WORK TO COMPLETE :: Please set down exactly the lines of the listing below from the line containing "Toddler running and playing in a park Toddler" through the line containing "May include: White", both lines included, leaving out all other lines.

EXERCISE DATA ::
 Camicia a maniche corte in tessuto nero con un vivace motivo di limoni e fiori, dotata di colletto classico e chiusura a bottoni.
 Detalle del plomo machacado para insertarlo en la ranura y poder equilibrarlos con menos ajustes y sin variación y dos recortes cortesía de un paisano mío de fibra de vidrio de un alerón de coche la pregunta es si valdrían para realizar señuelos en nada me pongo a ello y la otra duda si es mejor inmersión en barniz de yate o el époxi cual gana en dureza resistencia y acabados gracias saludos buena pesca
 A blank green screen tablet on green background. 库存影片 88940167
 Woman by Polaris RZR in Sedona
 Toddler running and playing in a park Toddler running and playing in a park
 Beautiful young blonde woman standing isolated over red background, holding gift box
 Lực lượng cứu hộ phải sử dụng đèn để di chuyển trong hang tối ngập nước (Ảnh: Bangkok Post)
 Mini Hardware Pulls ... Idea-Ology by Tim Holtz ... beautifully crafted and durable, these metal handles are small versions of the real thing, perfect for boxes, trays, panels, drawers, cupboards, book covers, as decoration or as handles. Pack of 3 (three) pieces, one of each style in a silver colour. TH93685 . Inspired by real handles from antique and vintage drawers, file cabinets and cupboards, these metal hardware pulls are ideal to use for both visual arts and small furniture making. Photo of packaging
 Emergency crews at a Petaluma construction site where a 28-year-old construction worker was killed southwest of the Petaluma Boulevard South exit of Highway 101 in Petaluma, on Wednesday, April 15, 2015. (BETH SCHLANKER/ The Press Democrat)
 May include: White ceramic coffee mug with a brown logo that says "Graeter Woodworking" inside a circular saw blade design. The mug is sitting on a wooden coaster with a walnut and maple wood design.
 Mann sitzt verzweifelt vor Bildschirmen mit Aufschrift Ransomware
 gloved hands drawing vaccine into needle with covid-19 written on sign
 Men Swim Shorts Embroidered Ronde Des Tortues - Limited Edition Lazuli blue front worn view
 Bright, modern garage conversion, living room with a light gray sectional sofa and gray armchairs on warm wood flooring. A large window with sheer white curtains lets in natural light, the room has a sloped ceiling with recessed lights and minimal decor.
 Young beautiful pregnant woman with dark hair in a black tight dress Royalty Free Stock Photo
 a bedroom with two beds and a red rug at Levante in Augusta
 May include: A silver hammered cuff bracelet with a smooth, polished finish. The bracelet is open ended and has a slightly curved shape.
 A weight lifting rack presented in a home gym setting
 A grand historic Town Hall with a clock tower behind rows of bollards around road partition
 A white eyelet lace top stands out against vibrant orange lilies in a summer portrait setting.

ANSWER TO THIS TASK ::
 Toddler running and playing in a park Toddler running and playing in a park
 Beautiful young blonde woman standing isolated over red background, holding gift box
 Lực lượng cứu hộ phải sử dụng đèn để di chuyển trong hang tối ngập nước (Ảnh: Bangkok Post)
 Mini Hardware Pulls ... Idea-Ology by Tim Holtz ... beautifully crafted and durable, these metal handles are small versions of the real thing, perfect for boxes, trays, panels, drawers, cupboards, book covers, as decoration or as handles. Pack of 3 (three) pieces, one of each style in a silver colour. TH93685 . Inspired by real handles from antique and vintage drawers, file cabinets and cupboards, these metal hardware pulls are ideal to use for both visual arts and small furniture making. Photo of packaging
 Emergency crews at a Petaluma construction site where a 28-year-old construction worker was killed southwest of the Petaluma Boulevard South exit of Highway 101 in Petaluma, on Wednesday, April 15, 2015. (BETH SCHLANKER/ The Press Democrat)
 May include: White ceramic coffee mug with a brown logo that says "Graeter Woodworking" inside a circular saw blade design. The mug is sitting on a wooden coaster with a walnut and maple wood design.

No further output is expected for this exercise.